▸ **Dataset records**
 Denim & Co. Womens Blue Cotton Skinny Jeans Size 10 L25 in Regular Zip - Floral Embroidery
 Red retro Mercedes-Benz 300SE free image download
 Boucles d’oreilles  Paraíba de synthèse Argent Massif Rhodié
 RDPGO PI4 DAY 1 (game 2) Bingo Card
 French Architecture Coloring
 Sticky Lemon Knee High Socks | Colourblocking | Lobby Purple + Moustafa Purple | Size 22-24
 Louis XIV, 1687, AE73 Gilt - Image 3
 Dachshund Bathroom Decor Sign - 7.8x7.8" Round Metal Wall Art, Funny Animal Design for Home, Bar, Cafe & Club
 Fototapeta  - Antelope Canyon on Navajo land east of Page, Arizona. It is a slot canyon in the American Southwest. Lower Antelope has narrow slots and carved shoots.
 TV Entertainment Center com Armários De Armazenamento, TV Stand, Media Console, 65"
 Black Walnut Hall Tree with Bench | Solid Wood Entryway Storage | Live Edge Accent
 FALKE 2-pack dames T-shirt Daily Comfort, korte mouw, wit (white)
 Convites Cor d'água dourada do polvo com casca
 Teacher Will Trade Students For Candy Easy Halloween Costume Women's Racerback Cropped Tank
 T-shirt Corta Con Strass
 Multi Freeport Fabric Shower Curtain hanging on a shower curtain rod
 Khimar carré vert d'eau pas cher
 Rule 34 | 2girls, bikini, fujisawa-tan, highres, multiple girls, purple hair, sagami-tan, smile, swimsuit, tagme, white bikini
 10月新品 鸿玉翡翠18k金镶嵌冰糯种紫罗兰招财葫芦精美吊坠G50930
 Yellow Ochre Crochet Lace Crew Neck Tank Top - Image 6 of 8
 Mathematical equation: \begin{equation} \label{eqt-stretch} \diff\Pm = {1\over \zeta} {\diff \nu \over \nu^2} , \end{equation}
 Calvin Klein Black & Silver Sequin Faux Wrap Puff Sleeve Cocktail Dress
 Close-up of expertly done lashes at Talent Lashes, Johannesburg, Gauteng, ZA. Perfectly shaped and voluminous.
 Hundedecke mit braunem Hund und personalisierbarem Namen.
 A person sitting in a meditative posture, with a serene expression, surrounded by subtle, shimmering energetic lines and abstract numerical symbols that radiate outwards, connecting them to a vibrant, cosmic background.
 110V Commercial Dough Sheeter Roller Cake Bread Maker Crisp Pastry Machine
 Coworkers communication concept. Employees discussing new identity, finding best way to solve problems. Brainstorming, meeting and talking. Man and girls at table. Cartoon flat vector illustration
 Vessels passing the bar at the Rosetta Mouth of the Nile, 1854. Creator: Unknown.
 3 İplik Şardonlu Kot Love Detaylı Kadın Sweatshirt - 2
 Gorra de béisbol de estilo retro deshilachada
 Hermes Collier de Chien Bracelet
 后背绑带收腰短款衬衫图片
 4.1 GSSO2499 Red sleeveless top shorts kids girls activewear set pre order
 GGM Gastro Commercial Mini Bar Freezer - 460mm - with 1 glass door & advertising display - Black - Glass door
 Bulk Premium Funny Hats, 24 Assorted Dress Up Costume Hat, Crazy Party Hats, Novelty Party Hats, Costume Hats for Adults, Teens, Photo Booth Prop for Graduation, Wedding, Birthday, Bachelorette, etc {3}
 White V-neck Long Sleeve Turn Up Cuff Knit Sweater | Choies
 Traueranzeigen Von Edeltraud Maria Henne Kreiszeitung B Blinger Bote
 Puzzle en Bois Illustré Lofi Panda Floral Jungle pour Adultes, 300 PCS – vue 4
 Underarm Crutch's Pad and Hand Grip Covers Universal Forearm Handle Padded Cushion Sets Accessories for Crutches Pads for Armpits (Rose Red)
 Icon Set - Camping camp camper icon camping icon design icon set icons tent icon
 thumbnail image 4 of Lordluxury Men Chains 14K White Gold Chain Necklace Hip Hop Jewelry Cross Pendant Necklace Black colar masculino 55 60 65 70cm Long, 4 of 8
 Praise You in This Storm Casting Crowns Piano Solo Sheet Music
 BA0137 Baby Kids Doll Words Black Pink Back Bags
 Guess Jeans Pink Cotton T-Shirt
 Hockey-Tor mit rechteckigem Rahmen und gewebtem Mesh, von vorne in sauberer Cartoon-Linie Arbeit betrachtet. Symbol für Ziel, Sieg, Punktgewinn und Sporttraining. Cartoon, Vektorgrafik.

▸ **Task statement**
Only the lines from the first line of the records through the one containing "10月新品 鸿玉翡翠18k金镶嵌冰糯种紫罗兰招财葫芦精美吊坠G50930" should be reproduced, exactly, with both of them included.

▸ **Answer area**
 Denim & Co. Womens Blue Cotton Skinny Jeans Size 10 L25 in Regular Zip - Floral Embroidery
 Red retro Mercedes-Benz 300SE free image download
 Boucles d’oreilles  Paraíba de synthèse Argent Massif Rhodié
 RDPGO PI4 DAY 1 (game 2) Bingo Card
 French Architecture Coloring
 Sticky Lemon Knee High Socks | Colourblocking | Lobby Purple + Moustafa Purple | Size 22-24
 Louis XIV, 1687, AE73 Gilt - Image 3
 Dachshund Bathroom Decor Sign - 7.8x7.8" Round Metal Wall Art, Funny Animal Design for Home, Bar, Cafe & Club
 Fototapeta  - Antelope Canyon on Navajo land east of Page, Arizona. It is a slot canyon in the American Southwest. Lower Antelope has narrow slots and carved shoots.
 TV Entertainment Center com Armários De Armazenamento, TV Stand, Media Console, 65"
 Black Walnut Hall Tree with Bench | Solid Wood Entryway Storage | Live Edge Accent
 FALKE 2-pack dames T-shirt Daily Comfort, korte mouw, wit (white)
 Convites Cor d'água dourada do polvo com casca
 Teacher Will Trade Students For Candy Easy Halloween Costume Women's Racerback Cropped Tank
 T-shirt Corta Con Strass
 Multi Freeport Fabric Shower Curtain hanging on a shower curtain rod
 Khimar carré vert d'eau pas cher
 Rule 34 | 2girls, bikini, fujisawa-tan, highres, multiple girls, purple hair, sagami-tan, smile, swimsuit, tagme, white bikini
 10月新品 鸿玉翡翠18k金镶嵌冰糯种紫罗兰招财葫芦精美吊坠G50930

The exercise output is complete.